Quello che si può dire è che un'incremento dei livelli di lipoproteine a bassa densità (LDL) - come osservato nello studio - contribuisce all'insorgenza dell'aterosclerosi. Questa, a sua volta, è associata allo sviluppo di malattie cardiovascolari. Ma sulle oscillazioni del valore di LDL, la dieta non è l’unico fattore a incidere. A influire negativamente sono anche il sovrappeso, l'obesità e i bassi livelli di attività fisica: tutti parametri non considerati nella ricerca. Senza trascurare che l'ipercolesterolemia può essere determinata a livello genetico. E in queste situazioni correggere soltanto la dieta spesso non basta.

Consigli Pratici per la Spesa e i Pasti Fuori Casa

Come fare a rispettare una dieta per il colesterolo alto se a pranzo si mangia fuori casa, magari comprando qualcosa al bar? La prima cosa a cui stare attenti è il pane: sono adatti michette, francesini, ciabatte, ma anche il pane pugliese e arabo. Per l’imbottitura occorre scegliere il prosciutto crudo senza grasso o la bresaola, ma si può anche variare con un arrosto di tacchino, di vitello o con del roast beef. Il tonno va bene se ben sgocciolato e la verdura cotta o cruda deve essere poco condita. Sono invece proibiti piadine, focacce, pane all’olio o al latte. No anche alle aggiunte di maionese e ketchup, salse varie, formaggini o verdure sott’olio.

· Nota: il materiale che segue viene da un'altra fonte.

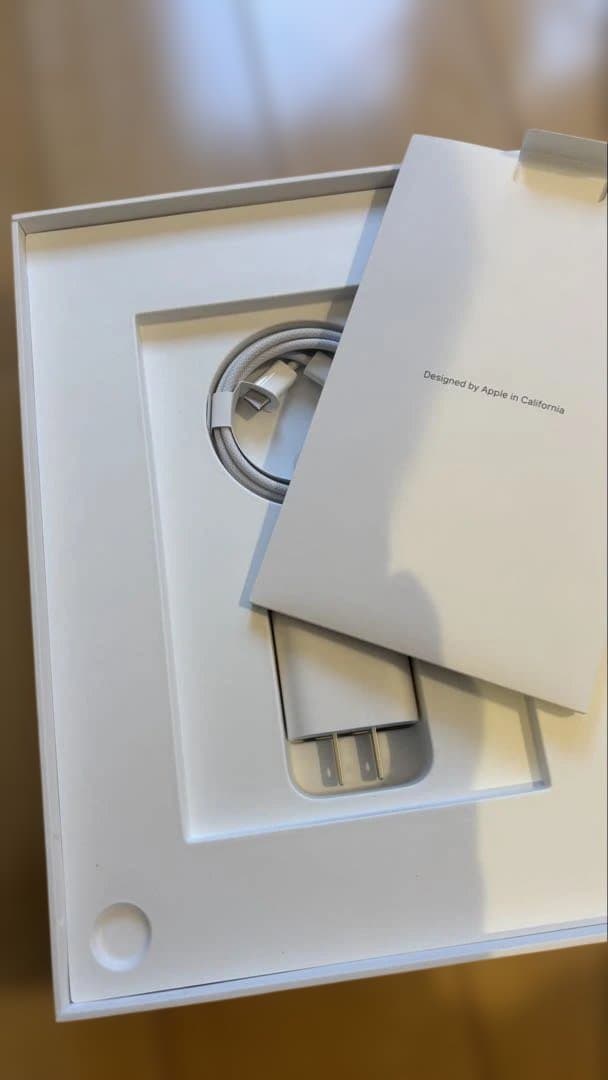 iPad 10世代 ブルー Wi-Fiモデル ケース付き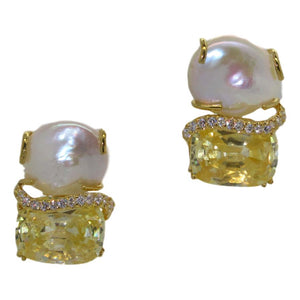 <i>Keshi Pearl & Color Earrings</i><br>2 color options<br><br>Made in Italy<br>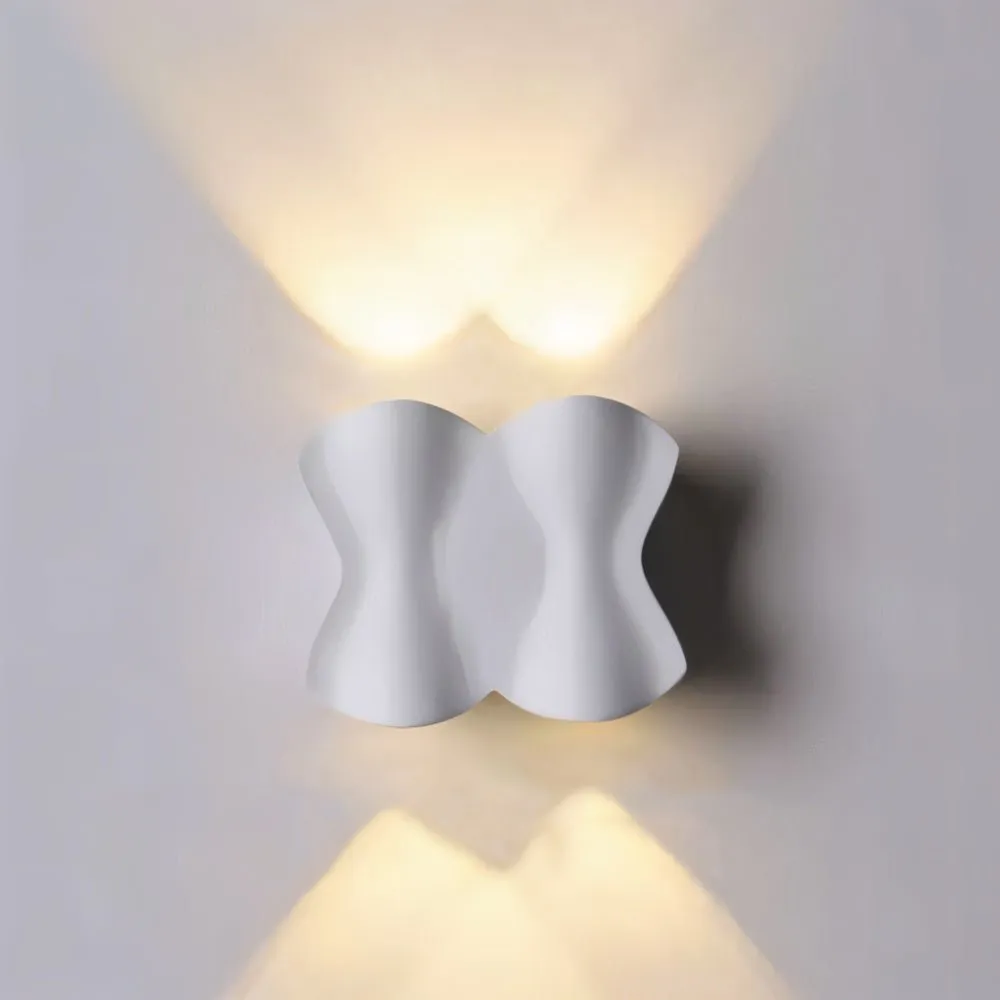 Asteri Outdoor Wall Lamp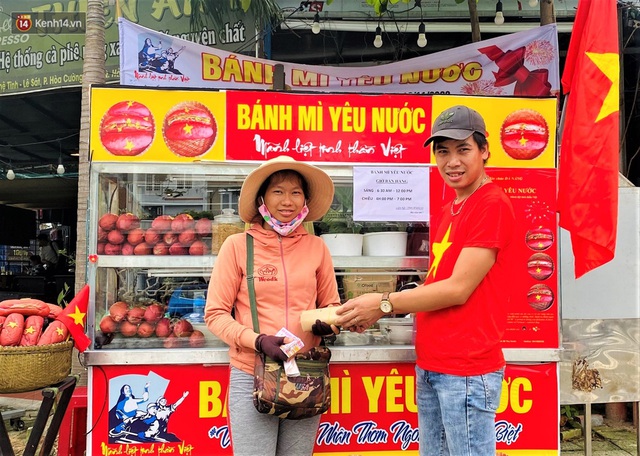 Thất nghiệp vì dịch Covid-19, các đầu bếp vẫn tạo ra những ổ “bánh mì yêu nước” miễn phí cho người nghèo ở Đà Nẵng - Ảnh 3.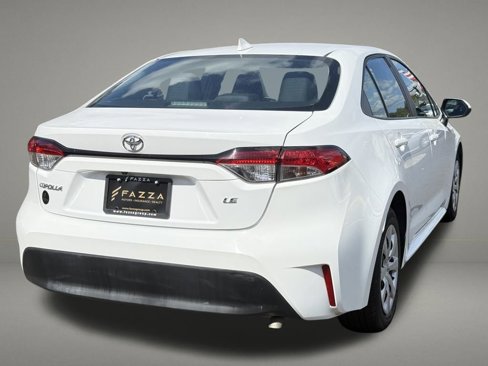 Used 2024 Toyota Corolla LE image 5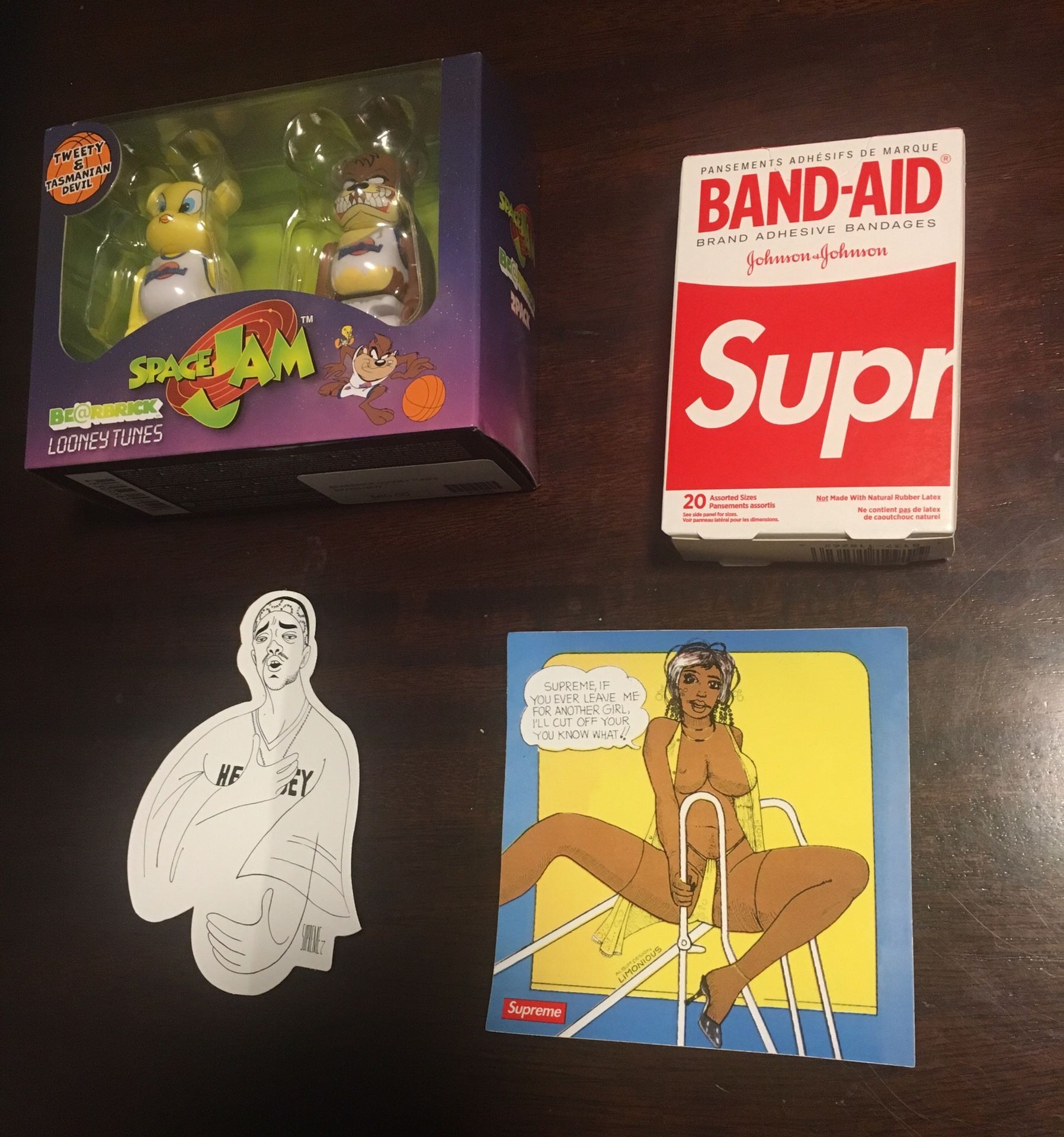 SMALL HYPE-BEAST LOT SUPREME BEAR BRICK SPACE JAM KAWS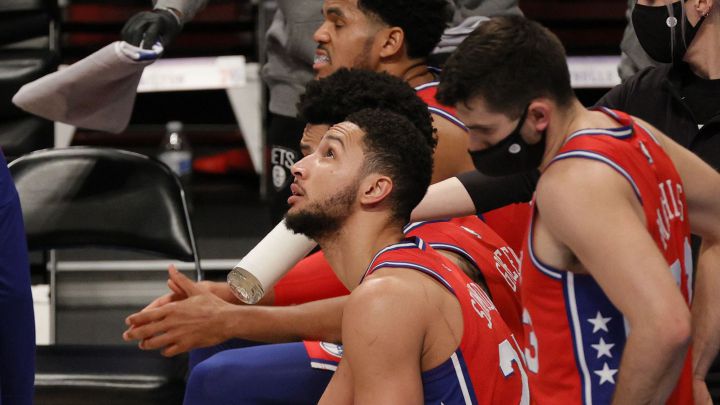 Ben Simmons, en el banquillo durante el Nets-Sixers.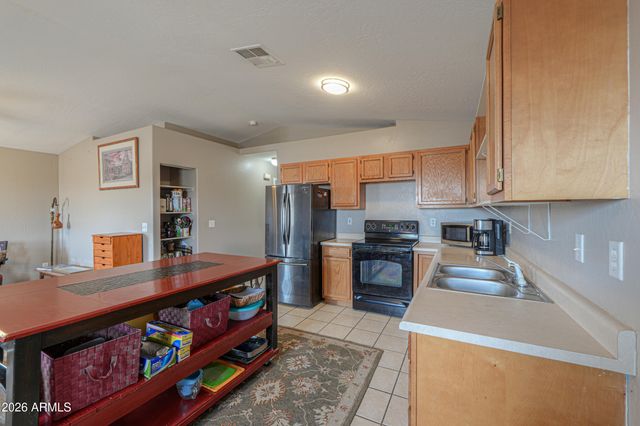 8210 W CONCORDIA Drive, Arizona City, AZ 85123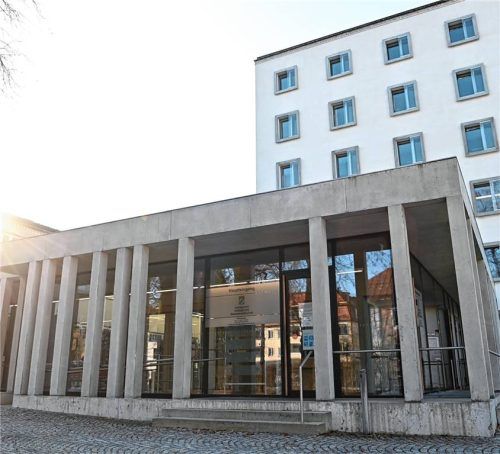 Am Traunsteiner Landgericht müssen sich zwei Männer für einen versuchten Raubüberfall in Rosenheim verantworten. Foto dpa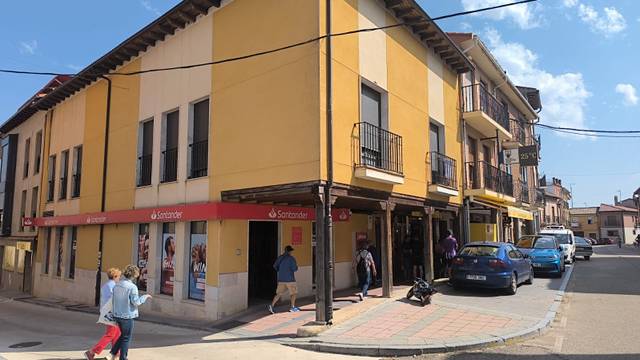 Piso en Venta en Calle Constitución, 27 en Villalón de Campos
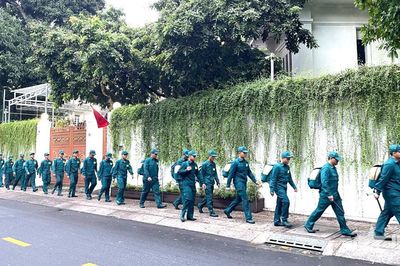 Hành quân rèn luyện giữa lòng thành phố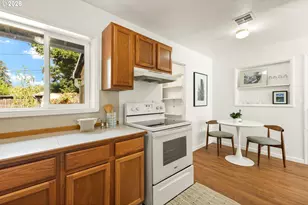 12747 NE Holladay St, Portland, OR 97230 - Photo 12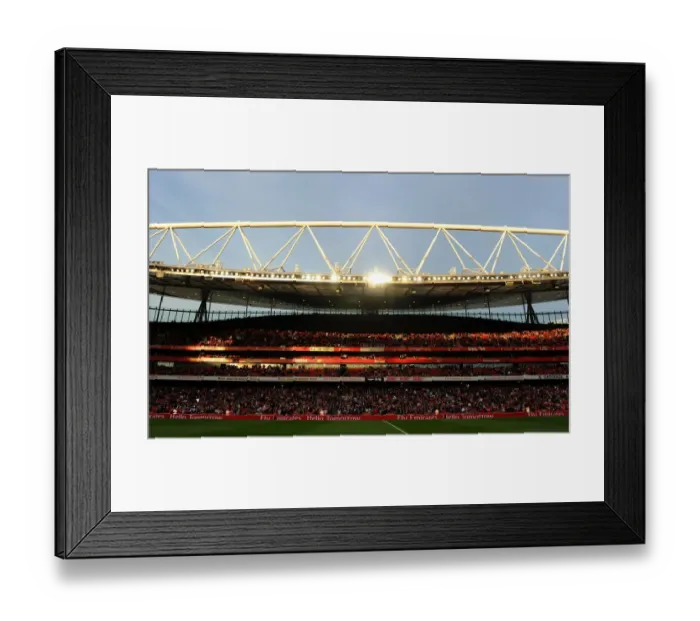 Framed Print : Pre-Match Atmosphere: Arsenal vs Swansea City at Emirates Stadium (2014 / 15)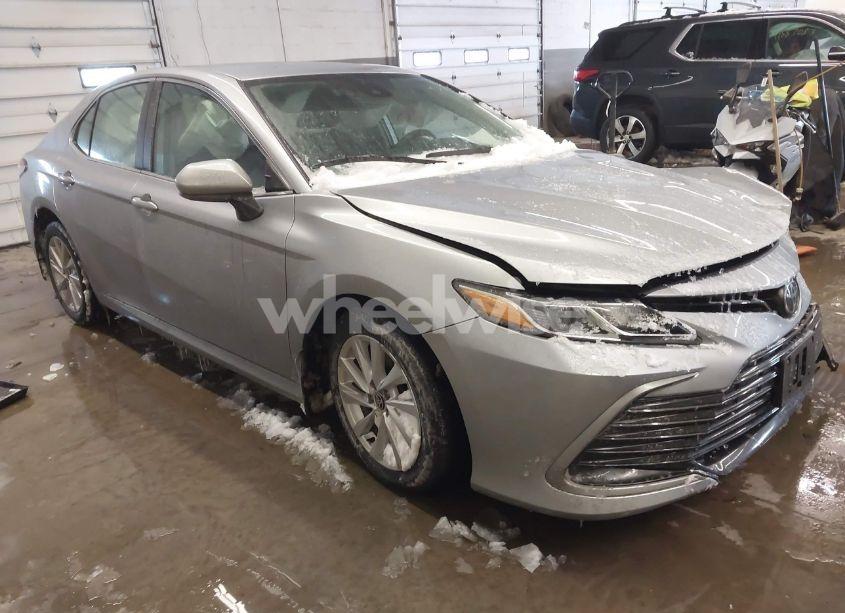 2023 Toyota Camry LE (VIN 4T1C11AK7PU834023) main photo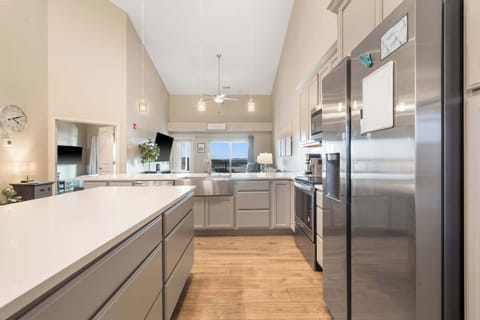 The airy, open kitchen is well equipped for an unforgettable getaway​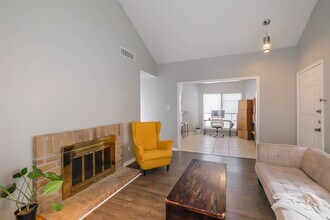 10122 Waterstone Dr in Houston, TX - Building Photo - Building Photo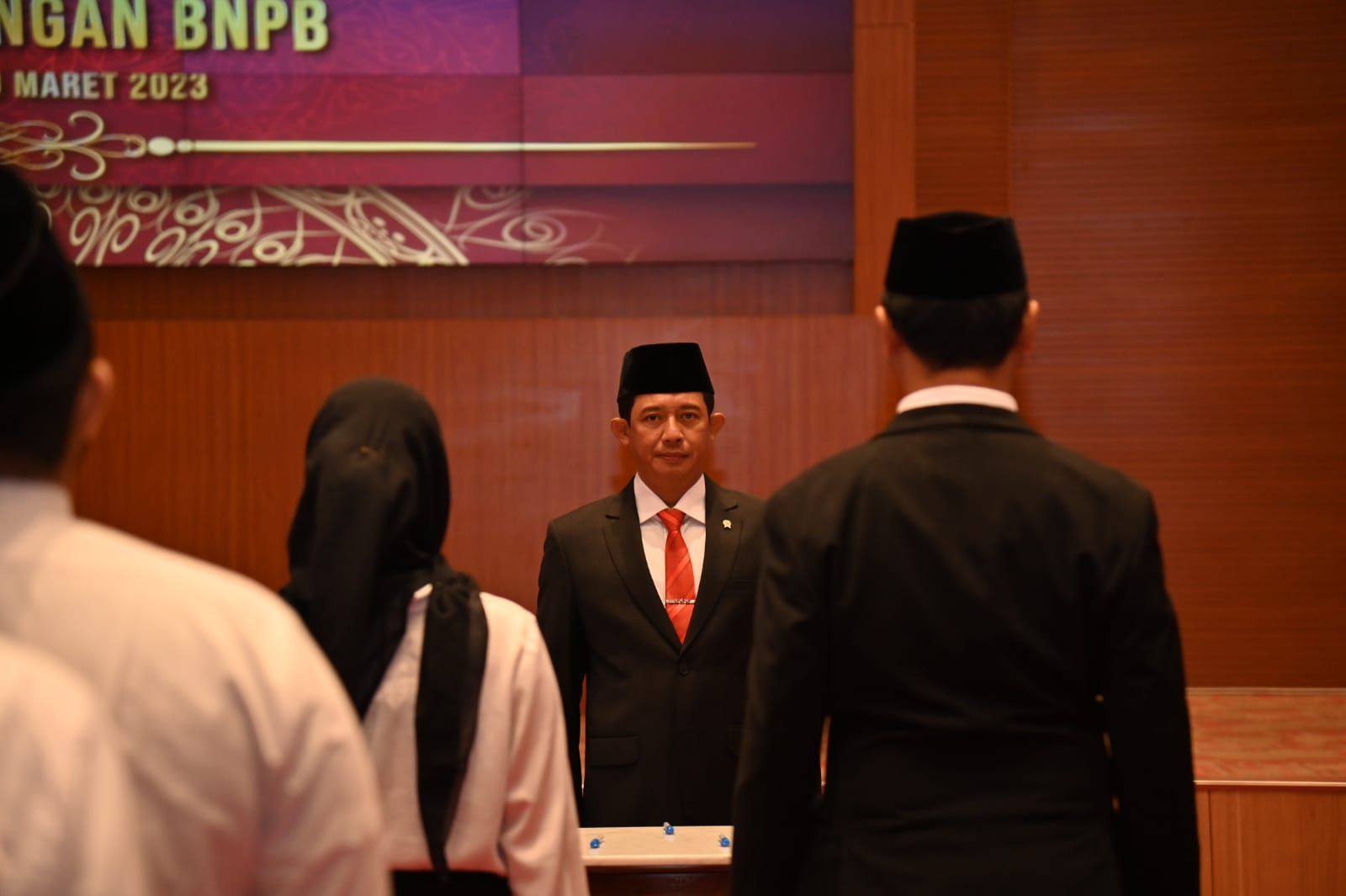 Kepala BNPB Letjen TNI Suharyanto memberikan arahan saat pelantikan Pejabat Administrator dan CPNS di Lingkungan BNPB di Graha BNPB, Jakarta pada Rabu (29/3)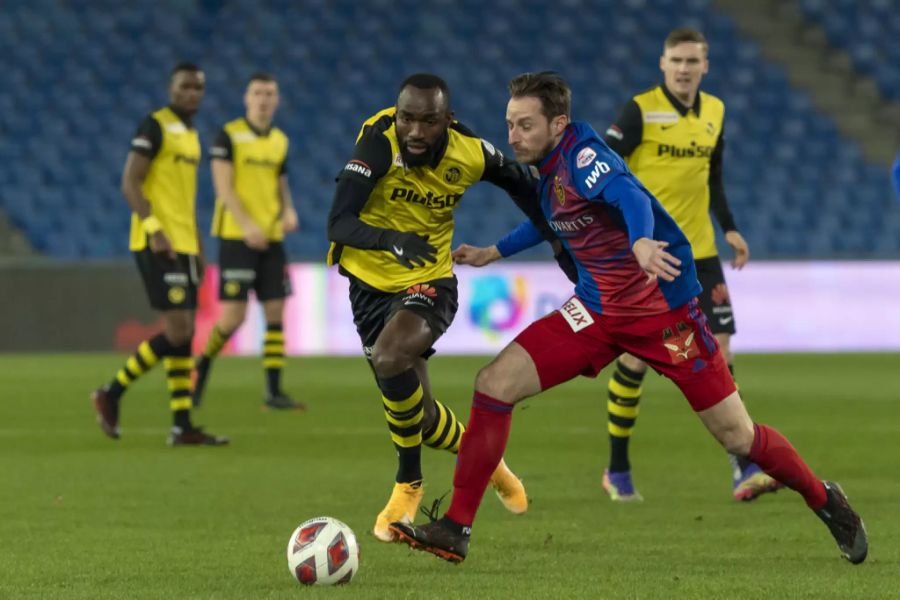 Der FC Basel ist immer einen Schritt später dran als die Berner. Hier kommt Luca Zuffi zu spät.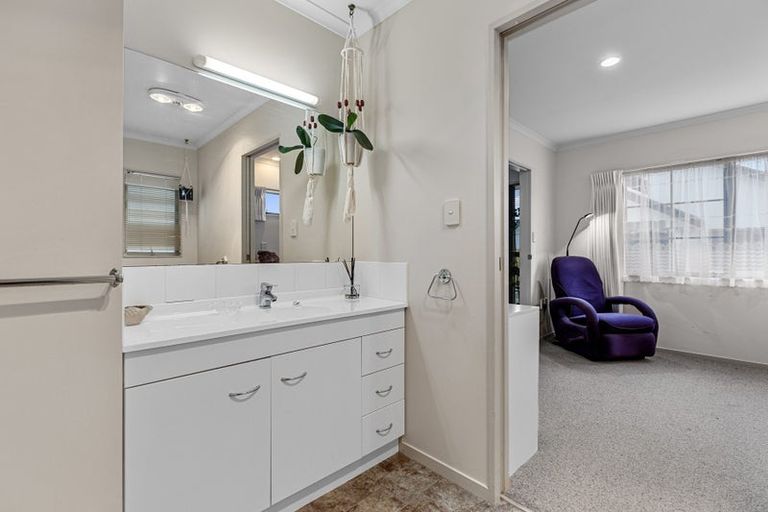 Photo of property in Orange Grove Village, 2/22 Pyes Pa Road, Pyes Pa, Tauranga, 3112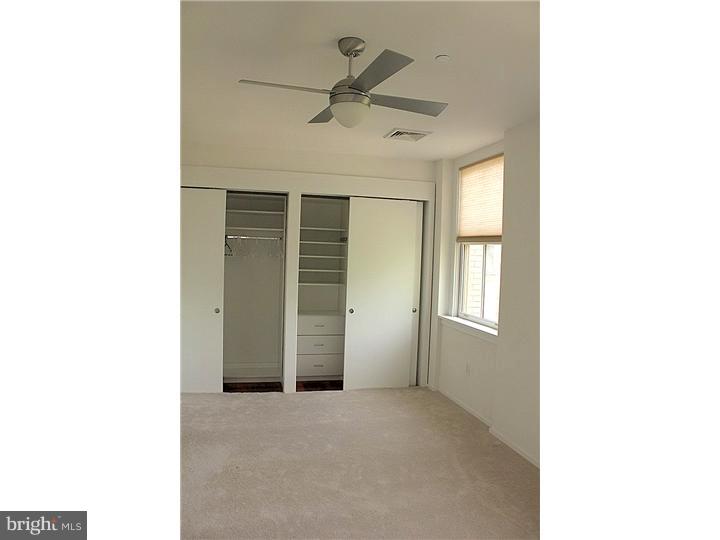 UNIVERSITY CITY - Residential Lease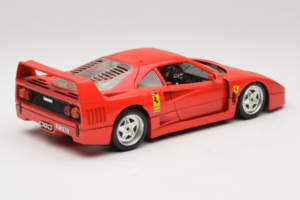 Ferrari F40 Club Deutschland Röd Bburago 1:18 3032-L3 Metall — bild 3 av 8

Si può anche scegliere una porzione non troppo abbondante di pasta al pomodoro o alle verdure. Se si preferisce un secondo caldo, sia di carne sia di pesce, bisogna controllare che la cottura sia "light". Sono adatte anche le insalate miste con tonno (meglio se al naturale), salmone e gamberetti, a cui si possono aggiungere solo un paio di giorni a settimana formaggi freschi e uova. Di acqua se ne può bere a volontà, mentre tutte le bevande zuccherate sono da evitare.

Ulteriori Raccomandazioni

  • Limitare i grassi saturi: È bene limitare al minimo il consumo di insaccati, formaggi e uova che contengono quantità piuttosto elevate di grassi e che influenzano negativamente il tasso di colesterolo.
  • Attenzione alla cottura: Le carni cotte sono più ricche di colesterolo in quanto, durante il trattamento termico, l'alimento perde una quota rilevante di acqua libera determinando l'aumento percentuale del contenuto in colesterolo totale. Eliminare il grasso visibile, compresa la pelle di pollo, tacchino e faraona, giacché l'associazione dei grassi saturi al colesterolo ne favorisce l'azione aterogena. Con il pesce si va sul sicuro solo se mangiato crudo o se viene cotto ai ferri, al forno (al sale o al cartoccio) o lessato.
  • Monitorare il sodio: Controllare le etichette nutrizionali. Le migliori scelte hanno meno di 200 mg di sodio per porzione.